**What is needed**
Exclude images; transcribe the rest of the data exactly.

**Dataset extract**
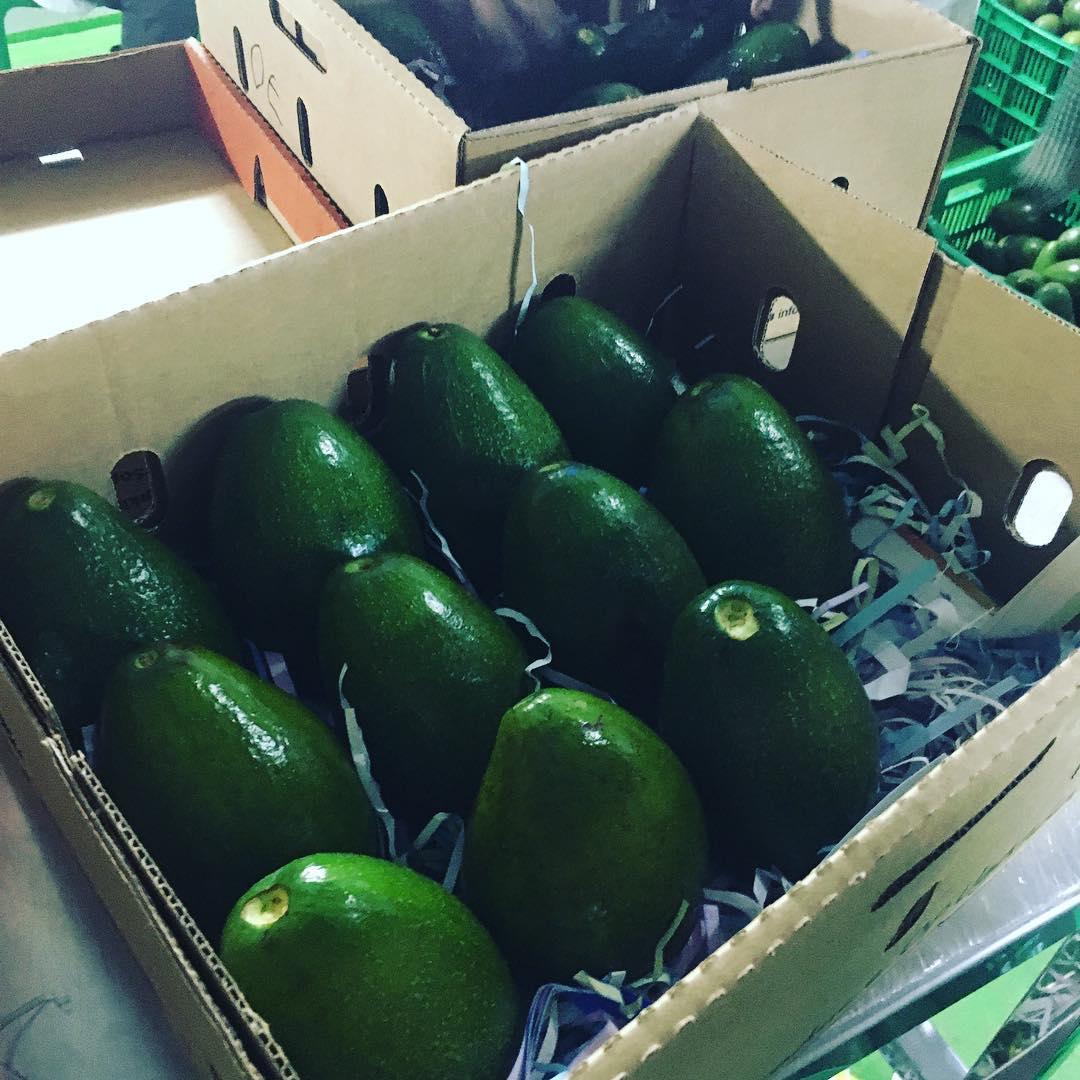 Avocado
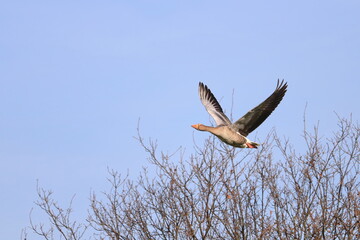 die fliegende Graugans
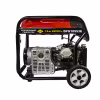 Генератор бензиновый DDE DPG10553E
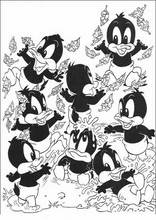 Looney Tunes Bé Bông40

**Response to this task**
 Avocado
 die fliegende Graugans
 Генератор бензиновый DDE DPG10553E
 Looney Tunes Bé Bông40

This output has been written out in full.